SECOND SECTION

CASE OF OVCHARENKO v. UKRAINE

(Application no. 5578/03)

JUDGMENT

STRASBOURG

22 November 2005

FINAL

22/02/2006

This judgment will become final in the circumstances set out in Article 44 § 2 of the Convention. It may be subject to editorial revision.

 

In the case of Ovcharenko v. Ukraine,

The European Court of Human Rights (Second Section), sitting as a Chamber composed of:

Mr J.-P. Costa, President
 Mr I. Cabral Barreto
 Mr K. Jungwiert
 Mr V. Butkevych
 Mr M. Ugrekhelidze
 Mrs A. Mularoni, 
 Mrs E. Fura-Sandström, judges
and Mrs S. Dollé, Section Registrar,

Having deliberated in private on 3 November 2005,

Delivers the following judgment, which was adopted on that date:

PROCEDURE

1.  The case originated in an application (no. 5578/03) against Ukraine lodged with the Court under Article 34 of the Convention for the Protection of Human Rights and Fundamental Freedoms (“the Convention”) by a Ukrainian national, Mr Viktor Sergeyevich Ovcharenko (“the applicant”), on 30 January 2003.

2.  The Ukrainian Government (“the Government”) were represented by their Agent, Mrs V. Lutkovska.

3.  On 9 September 2004 the Court decided to communicate the application to the Government. Under the provisions of Article 29 § 3 of the Convention, it decided to examine the merits of the application at the same time as its admissibility.

THE FACTS

I.  THE CIRCUMSTANCES OF THE CASE

4.  The applicant was born in 1946 and lives in the city of Lugansk, Ukraine.

5.  On 17 April 2000 the Leninsky District Court of Lugansk ordered the State Enterprise “Luganskyi Stankobudivnyi Zavod” to pay the applicant UAH 1,219.101 in salary arrears and other payments.

6.  On 20 July 2000 the Leninsky District Bailiffs’ Service instituted enforcement proceedings in respect of that judgment.

7.  In May 2001 the applicant lodged with the Leninsky District Court of Lugansk a complaint alleging the unlawfulness of the Bailiffs’ Service’s inactivity in respect of the enforcement of the judgment in his favour. On 15 May 2001 the court found against the applicant, finding no fault on the part of the Bailiffs. The applicant did not appeal in cassation against that decision.

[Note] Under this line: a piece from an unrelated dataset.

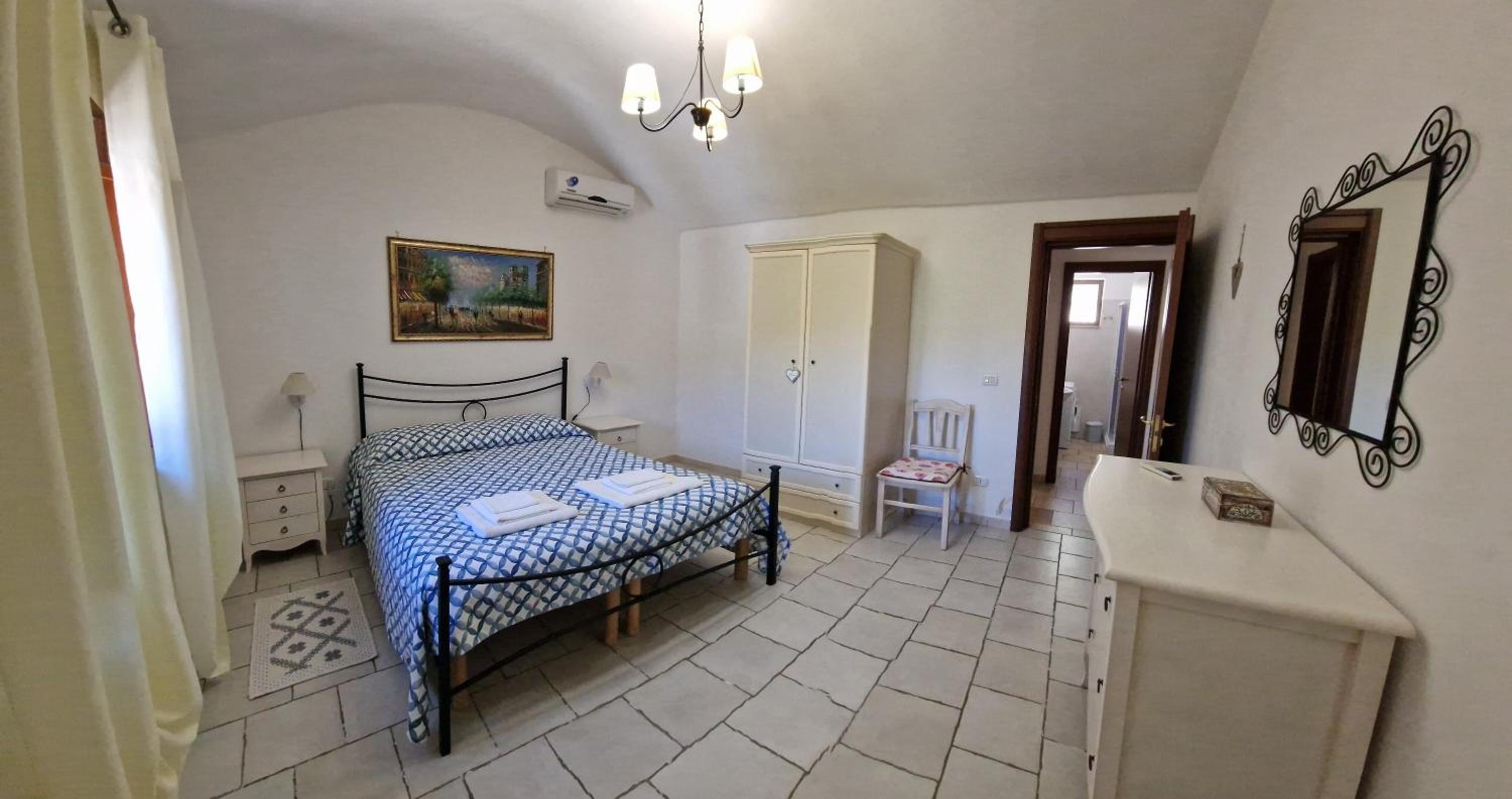 Trullo Grande Noce en Ostuni — hotel room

8.  In March 2002 the applicant instituted proceedings in the same court against the Bailiffs’ Service seeking compensation for failure to enforce the judgment. On 7 May 2002 the court rejected the applicant’s claim as being unsubstantiated.

9.  On 12 September 2002 and 5 May 2003, respectively, the Lugansk Regional Court of Appeal and the Supreme Court of Ukraine upheld the judgment of 7 May 2002.

10.  In two instalments of 11 and 27 October 2004 the amount of the judgment debt was transferred to the Bailiffs’ deposit account. On the same dates the applicant was invited to provide the Bailiffs’ Service with his bank account details in order that they transfer the amount of the award.

11.  The applicant informed the Bailiffs’ Service that he did not wish to take the money before the Court decided on his application.

II.  RELEVANT DOMESTIC LAW

12.  The relevant domestic law is summarised in the judgment of Romashov v. Ukraine (no. 67534/01, §§ 16-18, 27 July 2004).

THE LAW

I.  ADMISSIBILITY

13.  The applicant complained about the State authorities’ failure to enforce the judgment of the Leninsky District Court of Lugansk of 17 April 2000 in due time. He invoked Articles 6 § 1 and 13 of the Convention, which provide, insofar as relevant, as follows:

Article 6 § 1

“In the determination of his civil rights and obligations ... everyone is entitled to a fair and public hearing within a reasonable time by an independent and impartial tribunal established by law. ...”

Article 13

“Everyone whose rights and freedoms as set forth in [the] Convention are violated shall have an effective remedy before a national authority notwithstanding that the violation has been committed by persons acting in an official capacity.”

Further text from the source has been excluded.